# Obit - General Marcel Bigeard



## daftandbarmy (21 Jun 2010)

General Marcel Bigeard 

General Marcel Bigeard, who died on June 17 aged 94, was France's most decorated and popular soldier, a hero of Dien Bien Phu and the Battle of Algiers; but his reputation was tarnished in later life by allegations that he had taken part in torture. 
Bigeard served with the Free French and the Resistance in the Second World War and rose from the ranks to play a leading role in France's colonial wars in Indo-China and Algeria. As commander of a parachute battalion in south-east Asia, he was captured along with about 11,000 other defenders when Viet Minh insurgents overran the French fortress of Dien Bien Phu in May 1954 – a debacle that brought an end to France's involvement in Indo-China and paved the way for America's subsequent involvement in Vietnam. Within a year of his release, as commander of a parachute regiment, he was taking on Algerian freedom fighters in the battle for the capital, Algiers. 
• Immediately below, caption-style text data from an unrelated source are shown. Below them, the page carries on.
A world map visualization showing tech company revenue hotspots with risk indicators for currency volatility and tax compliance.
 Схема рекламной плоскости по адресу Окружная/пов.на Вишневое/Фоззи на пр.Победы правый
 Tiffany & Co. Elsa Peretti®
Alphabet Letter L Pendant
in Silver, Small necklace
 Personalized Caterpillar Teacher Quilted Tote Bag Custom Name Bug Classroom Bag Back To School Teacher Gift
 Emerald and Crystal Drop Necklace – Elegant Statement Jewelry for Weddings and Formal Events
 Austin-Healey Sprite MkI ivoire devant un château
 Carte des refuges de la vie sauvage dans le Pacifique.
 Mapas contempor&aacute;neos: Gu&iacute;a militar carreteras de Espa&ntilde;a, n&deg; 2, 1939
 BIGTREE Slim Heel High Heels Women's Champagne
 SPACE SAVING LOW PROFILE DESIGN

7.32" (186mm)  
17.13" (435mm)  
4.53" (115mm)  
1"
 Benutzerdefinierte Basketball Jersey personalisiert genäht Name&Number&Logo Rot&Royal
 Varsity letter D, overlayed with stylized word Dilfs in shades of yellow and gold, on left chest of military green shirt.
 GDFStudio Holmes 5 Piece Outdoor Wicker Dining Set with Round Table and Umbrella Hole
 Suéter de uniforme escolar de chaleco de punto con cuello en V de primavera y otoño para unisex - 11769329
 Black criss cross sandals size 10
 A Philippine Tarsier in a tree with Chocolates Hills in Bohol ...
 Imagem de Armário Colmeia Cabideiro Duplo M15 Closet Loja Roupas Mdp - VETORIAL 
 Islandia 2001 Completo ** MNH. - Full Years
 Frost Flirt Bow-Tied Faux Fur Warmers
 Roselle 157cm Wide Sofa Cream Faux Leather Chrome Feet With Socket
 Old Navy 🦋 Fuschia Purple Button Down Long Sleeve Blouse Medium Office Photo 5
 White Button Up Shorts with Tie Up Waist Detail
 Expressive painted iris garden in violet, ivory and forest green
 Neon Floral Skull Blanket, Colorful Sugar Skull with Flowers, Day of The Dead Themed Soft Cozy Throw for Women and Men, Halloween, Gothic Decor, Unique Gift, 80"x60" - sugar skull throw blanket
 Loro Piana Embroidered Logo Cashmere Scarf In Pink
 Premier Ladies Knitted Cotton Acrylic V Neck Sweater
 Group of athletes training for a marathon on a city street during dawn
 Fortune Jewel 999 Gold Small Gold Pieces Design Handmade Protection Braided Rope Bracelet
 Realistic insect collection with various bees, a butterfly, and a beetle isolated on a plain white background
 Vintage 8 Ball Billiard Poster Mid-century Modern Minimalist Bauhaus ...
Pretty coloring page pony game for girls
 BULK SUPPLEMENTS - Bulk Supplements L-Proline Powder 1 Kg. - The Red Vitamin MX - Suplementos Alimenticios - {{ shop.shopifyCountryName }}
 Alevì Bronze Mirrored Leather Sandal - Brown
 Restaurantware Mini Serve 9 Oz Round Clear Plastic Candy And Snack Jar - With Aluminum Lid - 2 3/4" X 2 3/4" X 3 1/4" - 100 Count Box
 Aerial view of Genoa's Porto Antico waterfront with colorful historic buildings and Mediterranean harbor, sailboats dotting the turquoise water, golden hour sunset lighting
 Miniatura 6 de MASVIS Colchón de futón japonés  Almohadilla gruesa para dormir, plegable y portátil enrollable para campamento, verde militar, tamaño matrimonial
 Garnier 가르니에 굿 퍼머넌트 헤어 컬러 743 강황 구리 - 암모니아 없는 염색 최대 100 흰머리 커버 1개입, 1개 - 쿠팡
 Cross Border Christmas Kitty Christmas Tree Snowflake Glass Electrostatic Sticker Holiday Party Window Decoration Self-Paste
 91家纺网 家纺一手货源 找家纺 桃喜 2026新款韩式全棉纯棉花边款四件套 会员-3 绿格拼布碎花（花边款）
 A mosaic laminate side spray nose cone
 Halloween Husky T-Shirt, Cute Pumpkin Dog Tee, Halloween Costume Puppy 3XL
A colourful, acerbic man who always led from the front, Bigeard inspired the fervent loyalty of his troops for his fearlessness in battle and his irreverence towards gently-born "generals with middle-aged spread" who preferred to lead from behind the lines. A profile of Colonel Bigeard (as he then was) in Time magazine in 1958 described him as "a martinet, but the idol of his men" who "made them shave every day, no matter where they were, doled out raw onions instead of the traditional wine ration because 'wine reduces stamina'." A brilliant tactician (the military historian Martin Windrow described him as an "intuitive master of terrain, who could conduct a battle by map and radio like the conductor of an orchestra"), he helped to shape thinking on counter-insurgency techniques throughout the world. The American general David Petraeus is said to keep a signed photograph of Bigeard on his desk. 

Wounded five times in battle, Bigeard emerged from the Algerian war – which France finally lost in 1961 – as one of the country's most decorated military officers – "the Heroic Bigeard" as President Charles de Gaulle called him. He ended his career as a four-star general and went on to serve as a Minister of Defence under Valéry Giscard d'Estaing in the 1970s, and later as a deputy in the lower house of the French parliament. 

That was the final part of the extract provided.